The trouble of property names conflicting between various non-Unicode
"namespaces" is one I'm familiar with.  Perl has gone through some serious
discomfort because of historically conflating POSIX names or builtin Perl
names with Unicode names.  Unicode defines things like space, alpha, etc in
ways that don't line up with the POSIX senses.  The way we've finally
resolved that is by using POSIX_* and Perl_* prefixes as necessary to 
avoid conflict with Unicode names.

In contrast, the ICU UCharacter class tends to do things like
Ucharacter.isUUppercase for the Unicode \p{Uppercase} property,
Ucharacter.isUWhiteSpace for the Unicode \p{WhiteSpace} property,  etc.
That leaves the old non-Unicode senses of Character.isWhitespace etc
intact.  That means you have to do something extra to get the Unicode
versions of the same name; in Perl we decided you had to do something extra
to get the non-Unicode versions.  It really doesn't matter which way you go
so long as both remain accessible.  Contributing factors in deciding which
way to go on this likely include the sometimes conflicting:

    * meeting expectations: the two principles of (1) least
      surprise and of (2) reasonable defaults

    * existing code 

    * backwards compatibility

    * future convenience

On the other hand, since for j.lCharacter properties one can always use
\p{javaXXX}, so that isn't ambiguous. (With loose matching, that would also
work with \p{Java_XXX} and p\{Java XXX}.)

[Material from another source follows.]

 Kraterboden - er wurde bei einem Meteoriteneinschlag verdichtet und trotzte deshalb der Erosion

Regarding RL1.2a, I notice that ICU seems to have gone more in the Perl
direction.  From

    http://icu-project.org/apiref/icu4j/com/ibm/icu/lang/UCharacter.html

    API access for C/POSIX character classes is as follows: 

     - alpha:     isUAlphabetic(c) or hasBinaryProperty(c, UProperty.ALPHABETIC)
     - lower:     isULowercase(c) or hasBinaryProperty(c, UProperty.LOWERCASE)
     - upper:     isUUppercase(c) or hasBinaryProperty(c, UProperty.UPPERCASE)
     - punct:     ((1<<getType(c)) & ((1<<DASH_PUNCTUATION)|(1<<START_PUNCTUATION)|
		   (1<<END_PUNCTUATION)|(1<<CONNECTOR_PUNCTUATION)|(1<<OTHER_PUNCTUATION)|
		   (1<<INITIAL_PUNCTUATION)|(1<<FINAL_PUNCTUATION)))!=0
     - digit:     isDigit(c) or getType(c)==DECIMAL_DIGIT_NUMBER
     - xdigit:    hasBinaryProperty(c, UProperty.POSIX_XDIGIT)
     - alnum:     hasBinaryProperty(c, UProperty.POSIX_ALNUM)
     - space:     isUWhiteSpace(c) or hasBinaryProperty(c, UProperty.WHITE_SPACE)
     - blank:     hasBinaryProperty(c, UProperty.POSIX_BLANK)
     - cntrl:     getType(c)==CONTROL
     - graph:     hasBinaryProperty(c, UProperty.POSIX_GRAPH)
     - print:     hasBinaryProperty(c, UProperty.POSIX_PRINT)

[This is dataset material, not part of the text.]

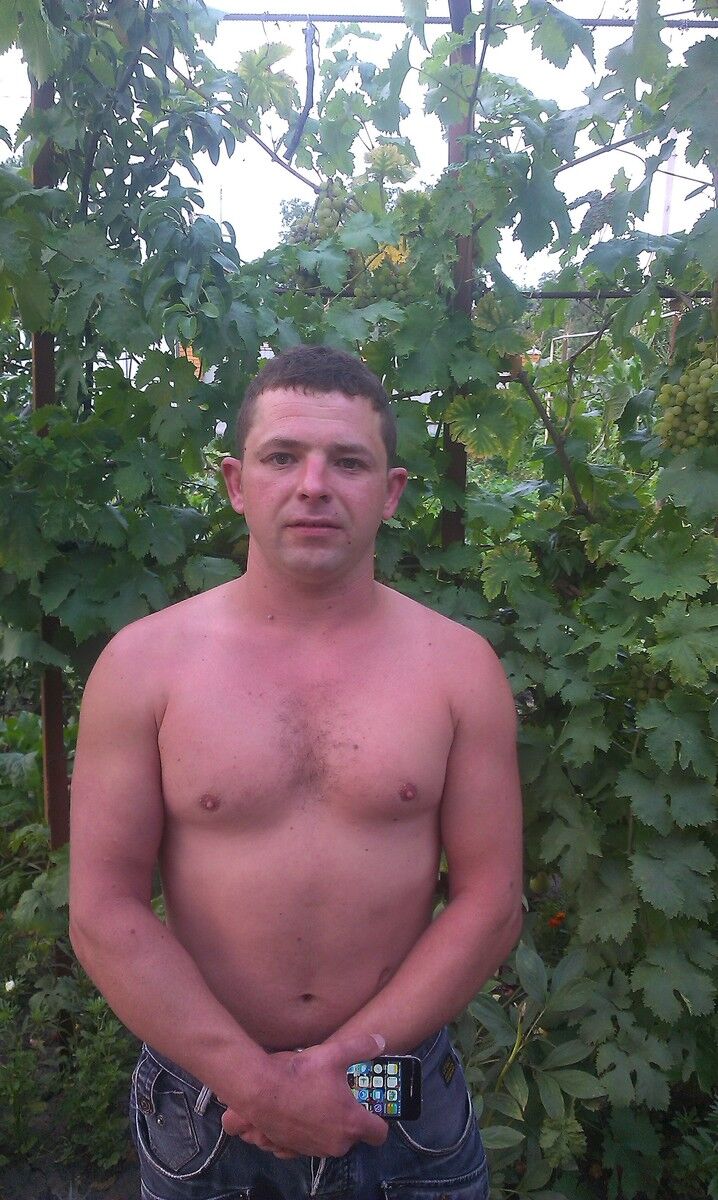  ,   Sergei, 42 ,   ,   , c ,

And here you'll notice that ICU does have *all* the modern
Unicode properties covered:

    http://icu-project.org/apiref/icu4j/com/ibm/icu/lang/UProperty.html
    http://userguide.icu-project.org/strings/properties

Those definitions from ICU UCharacter and UProperty are what I had always
expected j.l.Character itself to do, including full Unicode properties and
POSIX compat properties in j.l.u.regex.  But that expectation might be
because of my own background and experience.  

It may be that you might be able to use some of their approaches
for parsing the UCD into properties.  

> Again, thanks for the long writing, I will go through them in
> details, file corresponding bug/rfe into our database and then
> follow up from there.

I really hope it can be of some help to everyone.  I feel this can make a
big difference to anyone doing modern text processing (by which I mean
Unicode) not just on Java, but on everything else that compiles down JVM
code that calls the j.l.Character and j.u.r.Pattern classes.

I'm *really* happy that I can bring these sorts of issues to the people
that can make a difference.  I don't mean in the "fix it now" way.  I mean
in the deliberated, long-term way.  Getting them properly registered in the
"bugs&wishes" database with all right language now will allow them to stand
a chance of someday getting adequate resources allocated toward them for
some future release.

I do have 3-5 different possible ideas for how best to maintain backwards
compatibility yet still provide for maximum usefulness and room for future
expansion.  But we can talk about that part later.

Again Sherman, thank you very very much for taking the time to consider my
overly long writings about getting better Unicode support into Java.